Paterno sat and analyzed the video of all 12 games from last season. He saw a team with no game-breakers, a team that didn't know how to win the fourth quarter, a team with no effective special-teams play. The Nittany Lions scored 37 points in the fourth quarter last season, and finished last in Division I-A in kickoff returns (15.3 yard average). A lot of the problems had to do with inexperience -- there wasn't enough of it.

"We had some people let us down, older guys that were probably not as good as we thought they were," Paterno said. "We had a couple of younger kids that I should have started to stick in there and give them an opportunity to do some things."

The high-pitched Brooklyn accent has acquired a huskiness, and the gait is a little more hunched than it used to be. Paterno is old enough to remember when disciplinary problems were solved by a phone call from the campus chief of police. There is no such informality these days. But the latest one left him smiling. One of his players, whom he wouldn't name, has been cited for illegally downloading music through his computer.

"What the hell do I know about downloading music?" Paterno said. "I can't download a jar of peanut butter."

One constant criticism of Paterno in recent years is that too many of his players have had run-ins with the law. Paterno estimated that "six or seven" players have been cited for underage drinking. In light of the controversy at Colorado, the NCAA is considering tougher rules for recruits and their student-athlete hosts.

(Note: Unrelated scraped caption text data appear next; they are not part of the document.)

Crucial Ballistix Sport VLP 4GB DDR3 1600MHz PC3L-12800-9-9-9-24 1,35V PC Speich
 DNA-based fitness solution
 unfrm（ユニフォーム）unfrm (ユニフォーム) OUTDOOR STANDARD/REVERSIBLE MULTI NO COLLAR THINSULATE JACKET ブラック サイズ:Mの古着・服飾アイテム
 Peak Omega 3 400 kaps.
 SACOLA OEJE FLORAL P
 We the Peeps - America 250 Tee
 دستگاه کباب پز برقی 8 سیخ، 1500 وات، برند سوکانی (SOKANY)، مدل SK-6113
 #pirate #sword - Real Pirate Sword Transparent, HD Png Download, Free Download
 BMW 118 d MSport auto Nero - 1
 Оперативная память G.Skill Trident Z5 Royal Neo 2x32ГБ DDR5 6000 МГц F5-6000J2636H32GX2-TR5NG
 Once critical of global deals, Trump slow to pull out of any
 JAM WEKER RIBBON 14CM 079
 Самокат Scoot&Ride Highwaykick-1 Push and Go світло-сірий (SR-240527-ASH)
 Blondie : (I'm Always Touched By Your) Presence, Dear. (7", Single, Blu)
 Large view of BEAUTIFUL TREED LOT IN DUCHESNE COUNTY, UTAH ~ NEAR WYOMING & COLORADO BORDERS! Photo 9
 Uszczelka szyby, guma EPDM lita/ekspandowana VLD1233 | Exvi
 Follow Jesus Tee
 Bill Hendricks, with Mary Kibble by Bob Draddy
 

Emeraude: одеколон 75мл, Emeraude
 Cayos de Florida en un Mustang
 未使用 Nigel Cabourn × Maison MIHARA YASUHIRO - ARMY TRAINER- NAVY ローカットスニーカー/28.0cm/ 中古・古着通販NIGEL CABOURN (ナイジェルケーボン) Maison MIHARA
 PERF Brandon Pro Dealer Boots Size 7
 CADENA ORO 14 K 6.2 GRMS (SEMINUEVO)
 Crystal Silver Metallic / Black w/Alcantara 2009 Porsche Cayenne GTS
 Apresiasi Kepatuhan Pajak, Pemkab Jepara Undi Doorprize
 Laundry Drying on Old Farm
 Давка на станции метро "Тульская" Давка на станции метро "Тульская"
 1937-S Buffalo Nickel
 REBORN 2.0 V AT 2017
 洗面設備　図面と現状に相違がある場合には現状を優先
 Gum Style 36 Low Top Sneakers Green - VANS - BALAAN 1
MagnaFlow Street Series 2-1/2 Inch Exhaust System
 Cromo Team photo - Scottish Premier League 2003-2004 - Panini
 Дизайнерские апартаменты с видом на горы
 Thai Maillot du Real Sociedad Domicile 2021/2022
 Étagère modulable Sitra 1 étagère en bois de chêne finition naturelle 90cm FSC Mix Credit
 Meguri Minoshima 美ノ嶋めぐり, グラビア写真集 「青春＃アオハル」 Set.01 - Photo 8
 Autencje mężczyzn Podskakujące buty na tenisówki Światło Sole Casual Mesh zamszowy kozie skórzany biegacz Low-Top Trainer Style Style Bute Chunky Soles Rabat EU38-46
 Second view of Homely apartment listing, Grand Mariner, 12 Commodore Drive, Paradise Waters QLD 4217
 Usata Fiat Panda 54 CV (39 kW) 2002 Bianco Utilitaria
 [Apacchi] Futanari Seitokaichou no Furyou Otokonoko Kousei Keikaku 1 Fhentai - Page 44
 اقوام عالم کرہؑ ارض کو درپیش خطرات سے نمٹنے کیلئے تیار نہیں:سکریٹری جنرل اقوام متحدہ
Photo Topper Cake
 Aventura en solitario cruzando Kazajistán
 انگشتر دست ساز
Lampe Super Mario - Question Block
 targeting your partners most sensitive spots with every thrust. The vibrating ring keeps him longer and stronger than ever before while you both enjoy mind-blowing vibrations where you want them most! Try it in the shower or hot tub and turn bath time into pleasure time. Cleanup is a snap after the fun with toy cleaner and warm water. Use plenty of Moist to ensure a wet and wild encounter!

"The problem is," Paterno said, "how do we address the fact that kids don't know how to drink? ... People are talking about having some kind of curfew. Well, how do you do that? That sounds good. That sounds like we're being responsible. If somebody could tell me how to do it. What do you do, bring them in at 12 or 1 o'clock and then you sit there with them?"

Colorado has already announced it will cut official visits from two days to one. Paterno believes the official visits should go from two days to three.

"The biggest problem I have in assuming responsibility for a kid coming onto this campus is they don't let me get to know the kid," Paterno said. "The head coach can visit once. The only time I get to spend a little time with them is when they come up for their official visits. That's 48 hours. Some people say they should get more exposure to classwork. That's fine. Give us another day. But give me a chance to be around them."

Paterno is equally disappointed with the legislation recently passed tying scholarships to graduation rates.

"Let me tell you, if I'm the president of Whatsamatta U., and we specialize in Italian cooking, and I got a guy in there who is a heck of a football or basketball player, and he can't figure out two grams of salt or garlic, I'm going to put him in a you-fry-the-pizza curriculum," Paterno said. "We're going to end up with people in a lot of Mickey Mouse courses because they can't handle the other things. But we've got to graduate them because if we don't graduate them we gonna lose scholarships.

"I'm proud of our graduation rate, but that doesn't mean that everyone who graduated got a meaningful education."

Paterno has always trafficked in common sense, and he continues to do so even as he protests, "I'm too dumb to feel old." He has been saying for years that he continues to coach because he doesn't play golf and he doesn't fish. He said it again Thursday. Three days after the birth of his 14th grandchild, he said, "They're great -- for awhile."

In the two weeks since he agreed to the contract extension, he has been gratified to hear from alumni and fans who appreciate what he has done. In an age when Nebraska fires Frank Solich for winning nine games, Paterno received a vote of confidence after losing nine. All of those coaches who have said for years that he is going to retire will be right one day.

But not any time soon.

"I also just happen to mention that all these years when everybody was telling kids they're not going to Penn State because Paterno won't be there, about 700 of those guys are gone," Paterno said. "I mean coaches. I just happen to mention that."